Dataset extract
-----
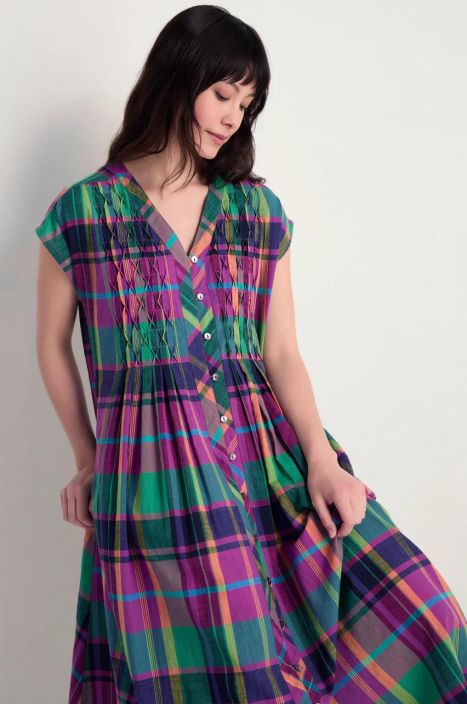 Sahara mekko GRD6814 Madras Coloured Check värikäs ruutukuosi yksityiskohdilla tuotekuva 2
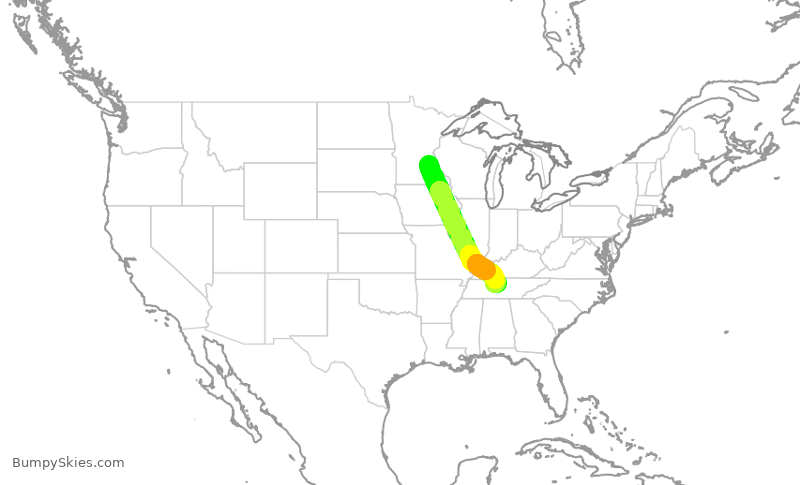Turbulence forecast map for DAL2724, MSP to BNA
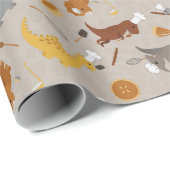Cute Dinosaurs Cooking in Beige and Brown ラッピングペーパー (ロールコーナー)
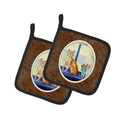 Cat Pot Holder Set of 2 Heat Resistant Quilted Hot Pads 7.5 x 7.5 Inch, Insulated Kitchen Trivets for Cooking & Baking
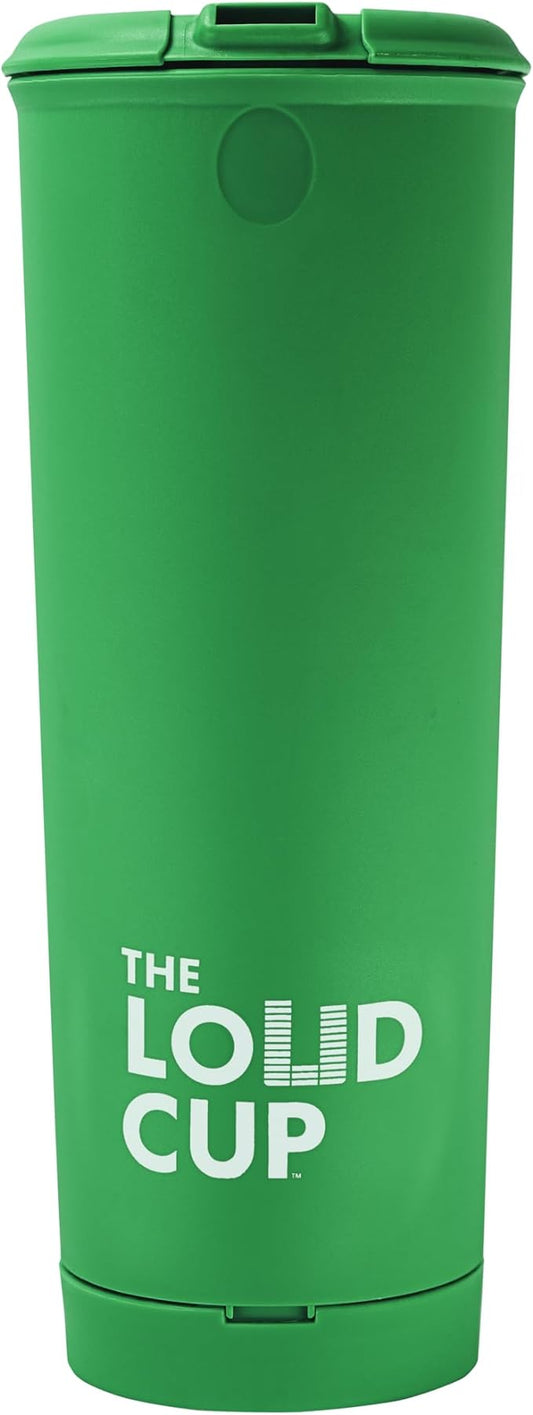 The LoudCup 20 oz Tumbler + Integrated Stadium Horn (Budgie Green) - Reusable Water Bottle for Sports Fans - Worlds Loudest Cup for Noisy Fans on Game Day & Tailgating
-----
What is required
Output the listing above exactly, but leave its pictures behind.

Answer box
 Sahara mekko GRD6814 Madras Coloured Check värikäs ruutukuosi yksityiskohdilla tuotekuva 2
Turbulence forecast map for DAL2724, MSP to BNA
Cute Dinosaurs Cooking in Beige and Brown ラッピングペーパー (ロールコーナー)
 Cat Pot Holder Set of 2 Heat Resistant Quilted Hot Pads 7.5 x 7.5 Inch, Insulated Kitchen Trivets for Cooking & Baking
 The LoudCup 20 oz Tumbler + Integrated Stadium Horn (Budgie Green) - Reusable Water Bottle for Sports Fans - Worlds Loudest Cup for Noisy Fans on Game Day & Tailgating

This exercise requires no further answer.